Would you retype the listing below word for word, without any of its pictures?

/---

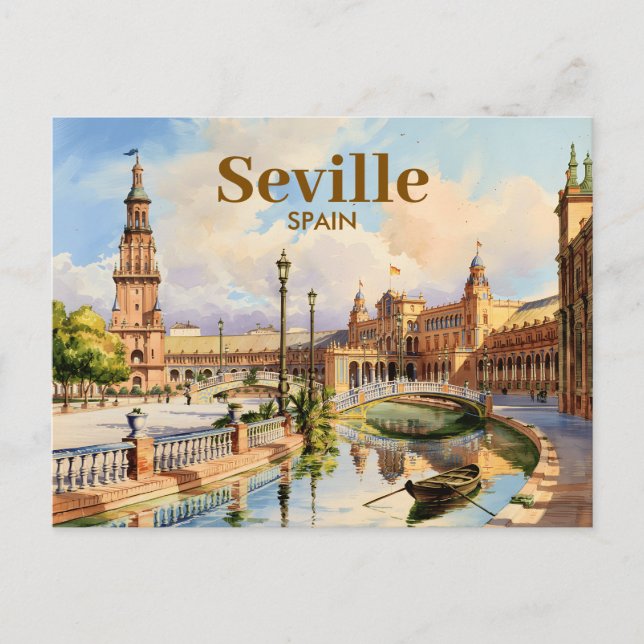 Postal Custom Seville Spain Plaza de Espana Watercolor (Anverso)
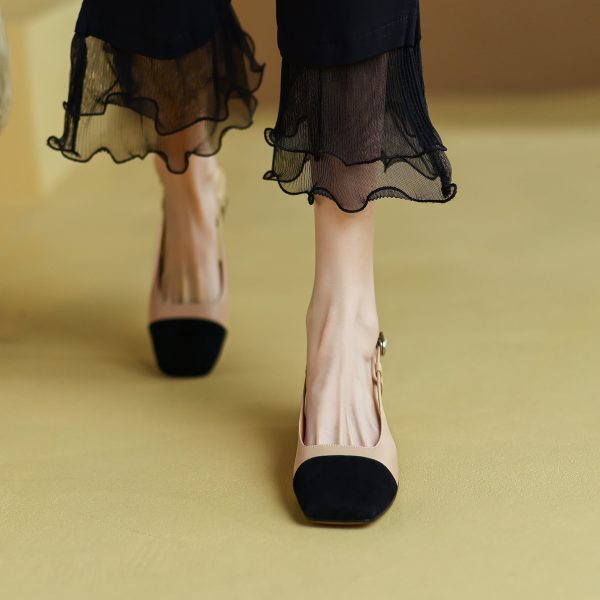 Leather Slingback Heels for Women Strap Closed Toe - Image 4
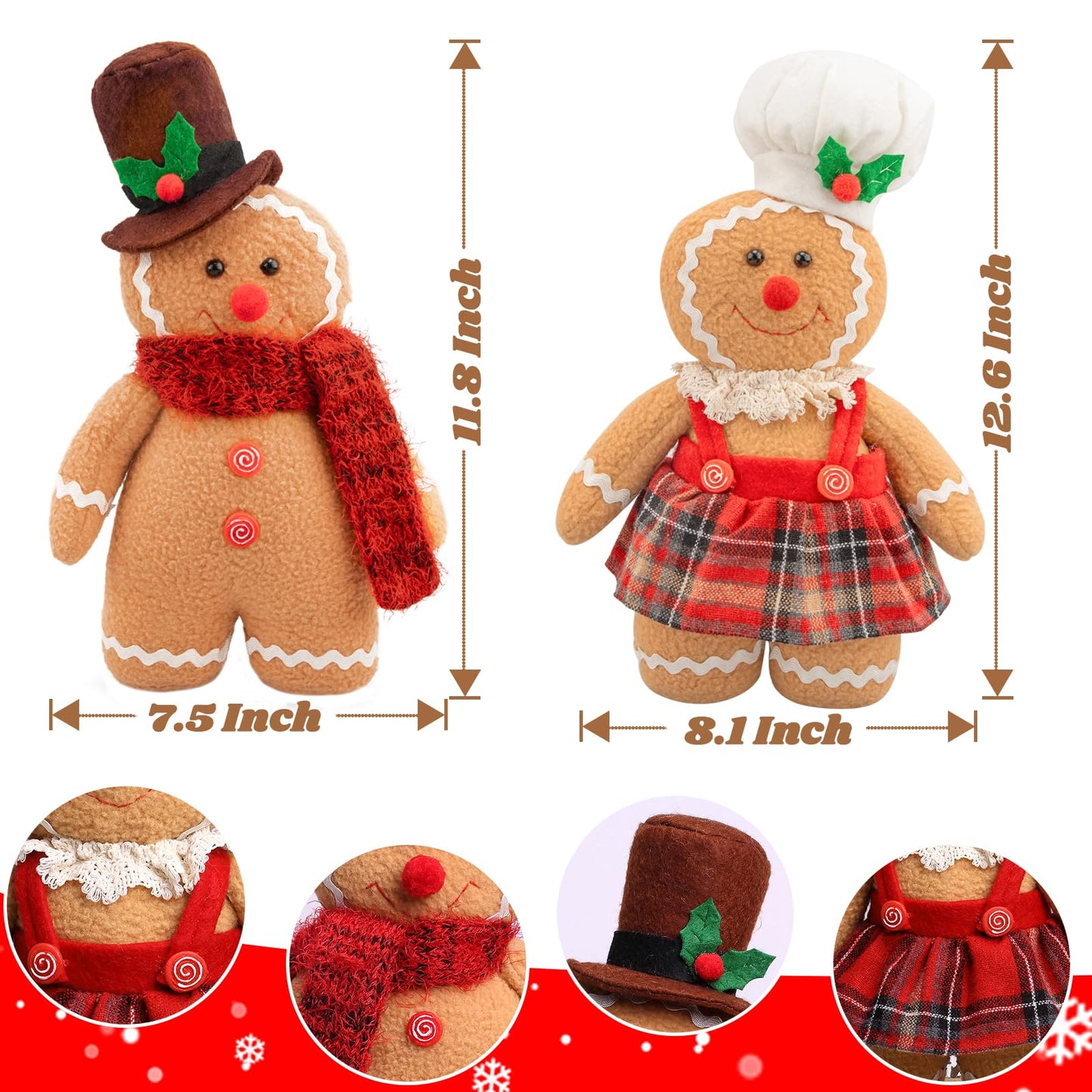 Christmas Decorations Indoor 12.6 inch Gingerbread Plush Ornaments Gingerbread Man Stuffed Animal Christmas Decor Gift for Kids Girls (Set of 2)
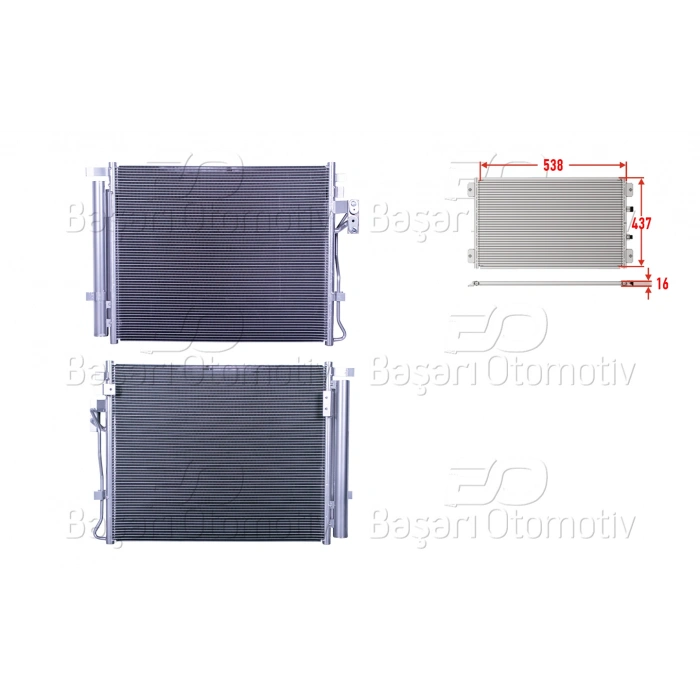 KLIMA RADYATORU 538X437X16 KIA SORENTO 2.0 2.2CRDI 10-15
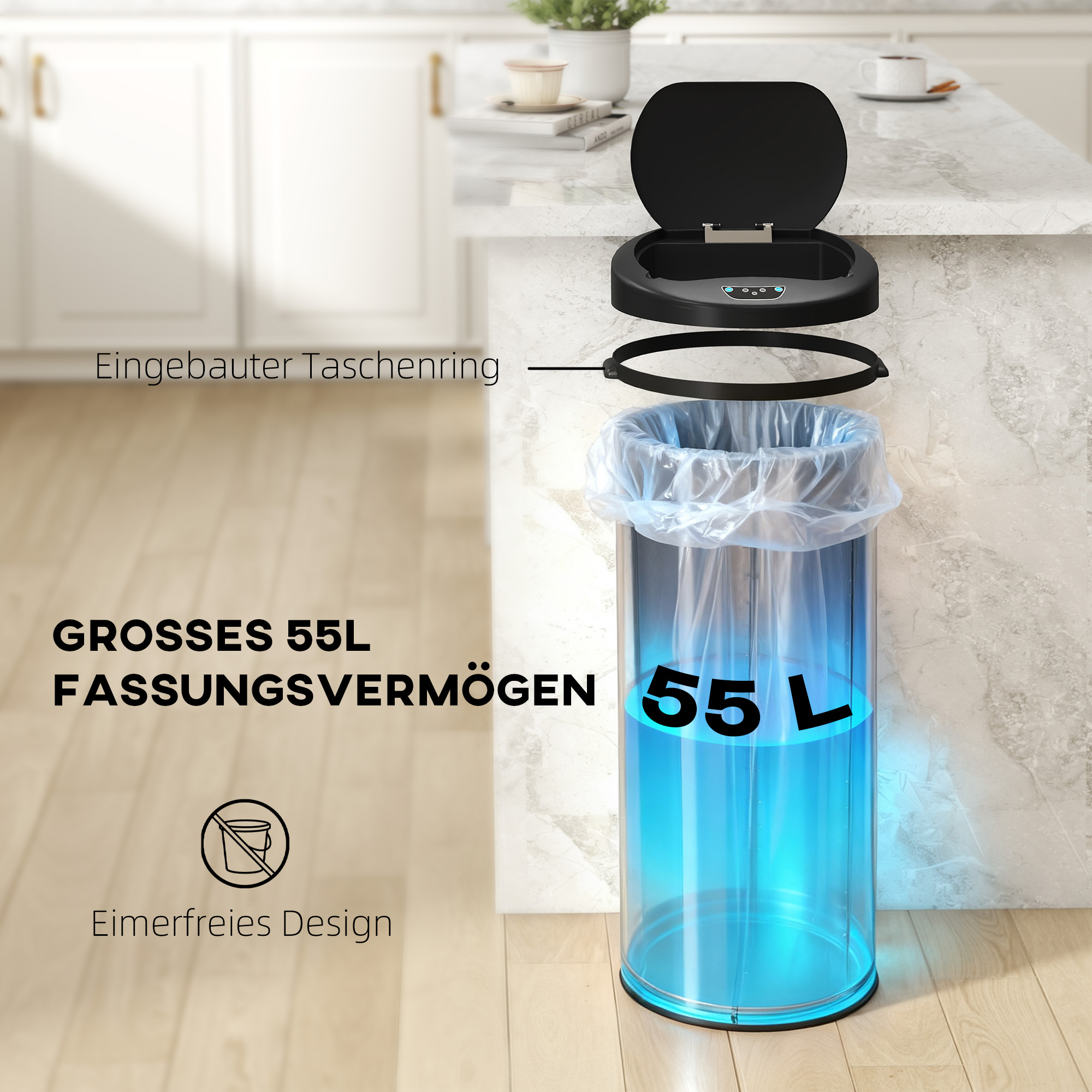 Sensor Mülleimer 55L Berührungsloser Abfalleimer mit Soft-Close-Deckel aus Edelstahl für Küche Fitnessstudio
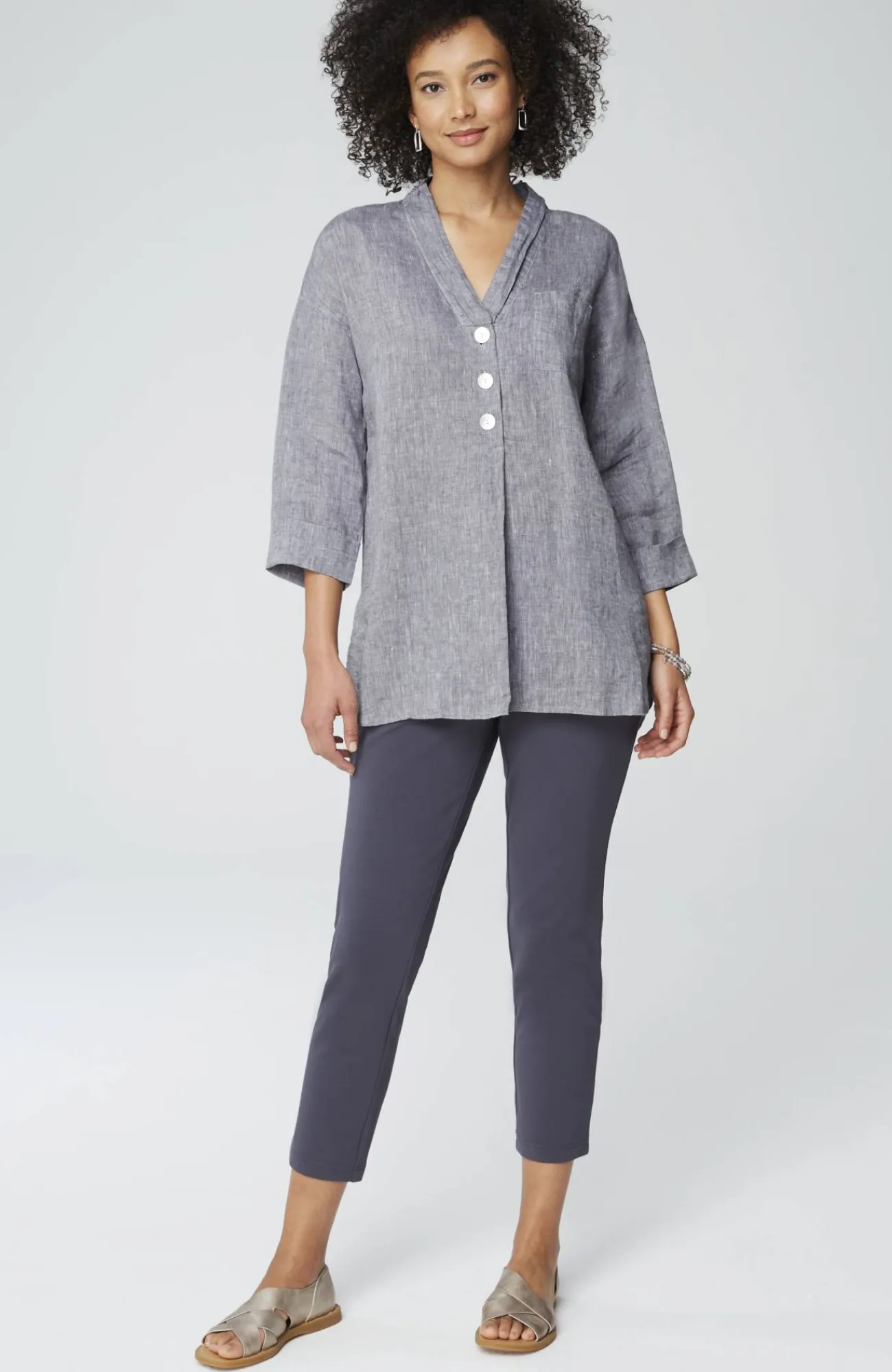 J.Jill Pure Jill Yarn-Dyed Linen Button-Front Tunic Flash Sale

\---

* **Result of the task**:
 Postal Custom Seville Spain Plaza de Espana Watercolor (Anverso)
 Leather Slingback Heels for Women Strap Closed Toe - Image 4
 Christmas Decorations Indoor 12.6 inch Gingerbread Plush Ornaments Gingerbread Man Stuffed Animal Christmas Decor Gift for Kids Girls (Set of 2)
 KLIMA RADYATORU 538X437X16 KIA SORENTO 2.0 2.2CRDI 10-15
 Sensor Mülleimer 55L Berührungsloser Abfalleimer mit Soft-Close-Deckel aus Edelstahl für Küche Fitnessstudio
 J.Jill Pure Jill Yarn-Dyed Linen Button-Front Tunic Flash Sale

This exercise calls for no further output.